Income, Profit, and Taxation

THE economic importance of alcoholic products dates to the founding of the United States.  The 1791 Whiskey Excise Tax levied a federal tax on domestic and imported alcohol and was specifically earmarked to offset a portion of the federal government’s recent assumption of debts incurred by the states during the American Revolution. This unpopular excise tax, which led to the Whiskey Rebellion, ended in 1802. However, it did not end federal excise taxes on alcohol. Today the federal government, state, and some local jurisdictions levy excise taxes on alcohol.

OUR collection contains statistical government and trade publications that enumerate the amount of taxes collected at various points in history. We also collect revenue stamps, the artifacts that indicated the proper taxes were paid. On display are pre-Prohibition federal revenue stamps, as well as a post-Prohibition State of Tennessee stamp. Also on display is a gauger’s manual and form. Gaugers were empowered to ascertain the strength and amount of alcohol subject to taxation, as well as the amount of tax owed.

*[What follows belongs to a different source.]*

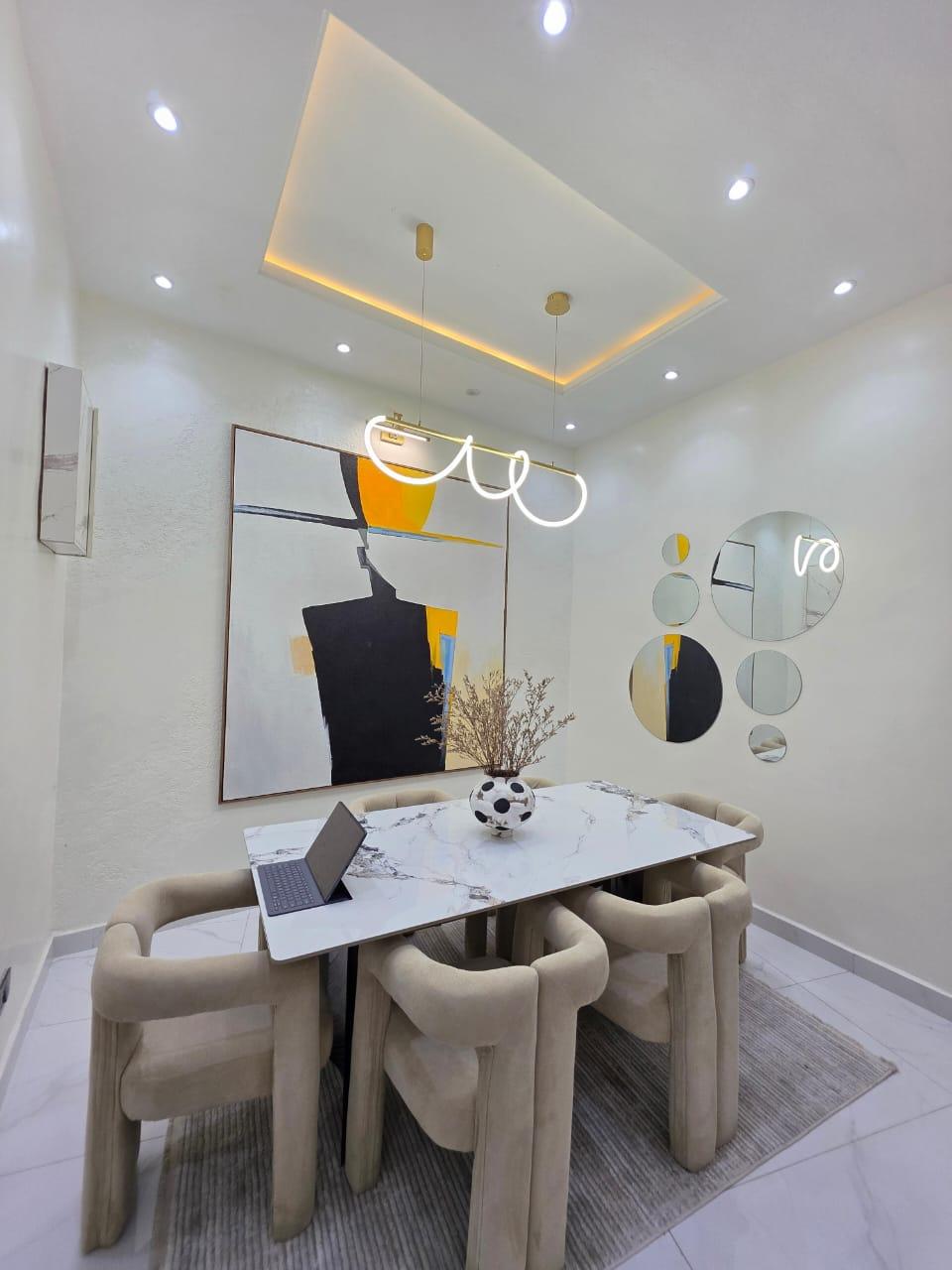 Luxury One Bedroom Apartment with pool and gym..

EXCISE taxes are just one aspect of illustrating the economic impact of alcoholic beverages. The collection contains two 19th century ledgers, one from a brewer in Pennsylvania and one from a distiller in Nashville. These ledgers provide a glimpse into the liquor business on a micro-level with their accounts and inventory.


The Civil War Tax Act of 1862 authorized a levy on businesses and occupations with annual gross receipts over $1,000.  It stipulated that these taxes were required to be paid by Special Tax stamps.  These large stamps were printed from 1873 to 1885 in booklets of ten.  They were generally printed on a different color of paper each year, though all years had the same vignette designs. 

There were 21 different types of businesses affected. Most of these stamps were remainders that were cancelled with either pie-shaped cancels or hole cancels by the Internal Revenue Service and sold in 1890 as scrap paper.  The stamps had three parts:  the stub, which was retained when the stamp was issued, the coupons (each had 12, one for each month), and the stamp itself.  Our copy is a remainder from 1878.